Output the records exactly, and drop each picture.

(Short web captions)
=======
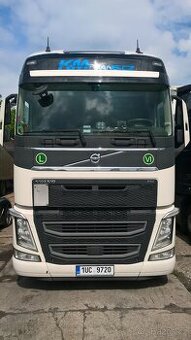 Přijmeme MKD řidiče skupiny C + E, výplata 2.000 EUR netto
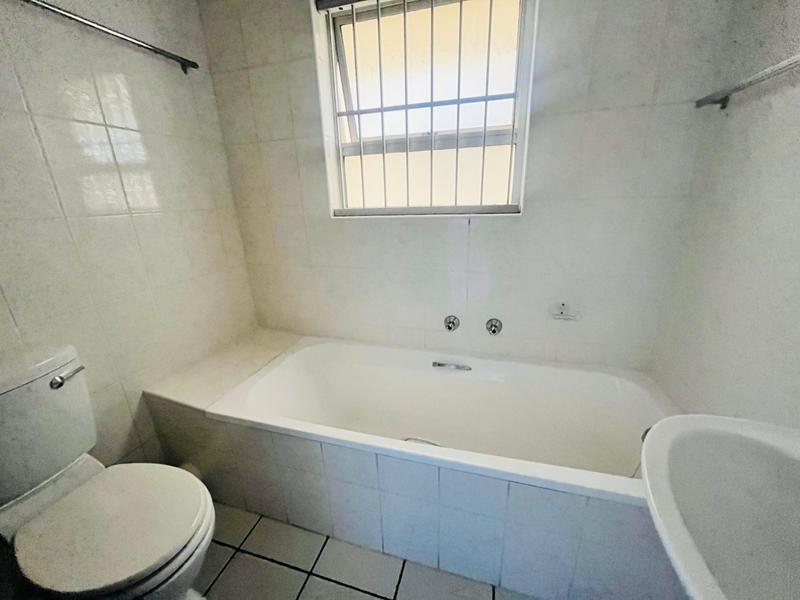 3 Bedroom Property for Sale in St Michaels On Sea KwaZulu-Natal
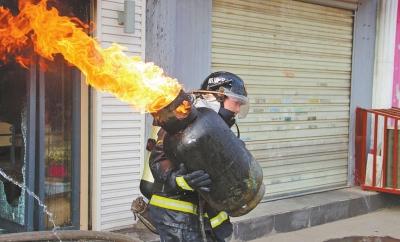 武汉“抱火哥”系合同制消防员即将离职(图)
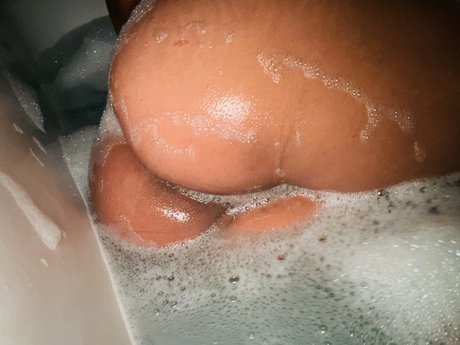 Photo nue de fuite OnlyFans de Southern Bell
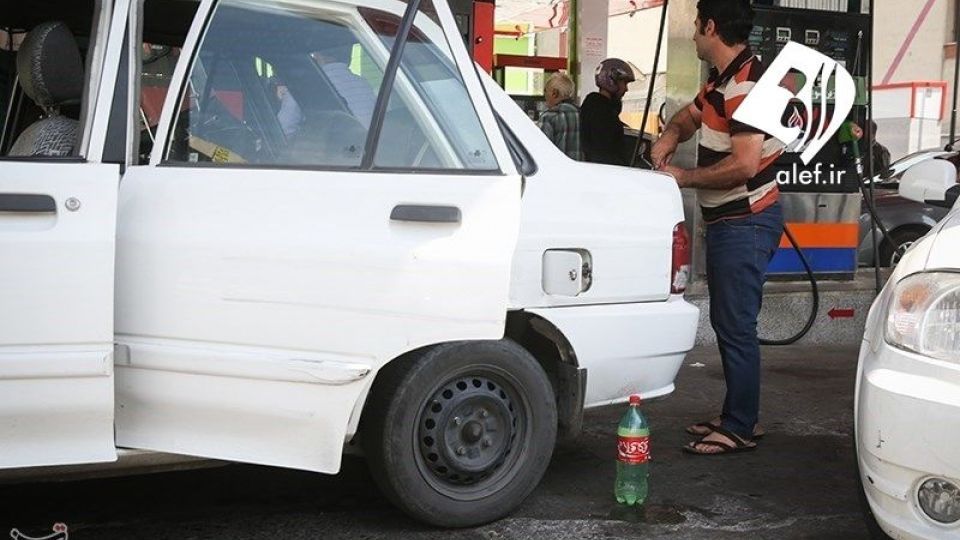 صف طولانی مقابل پمپ بنزین ها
=======
◆ **Exercise output**
 Přijmeme MKD řidiče skupiny C + E, výplata 2.000 EUR netto
 3 Bedroom Property for Sale in St Michaels On Sea KwaZulu-Natal
 武汉“抱火哥”系合同制消防员即将离职(图)
 Photo nue de fuite OnlyFans de Southern Bell
 صف طولانی مقابل پمپ بنزین ها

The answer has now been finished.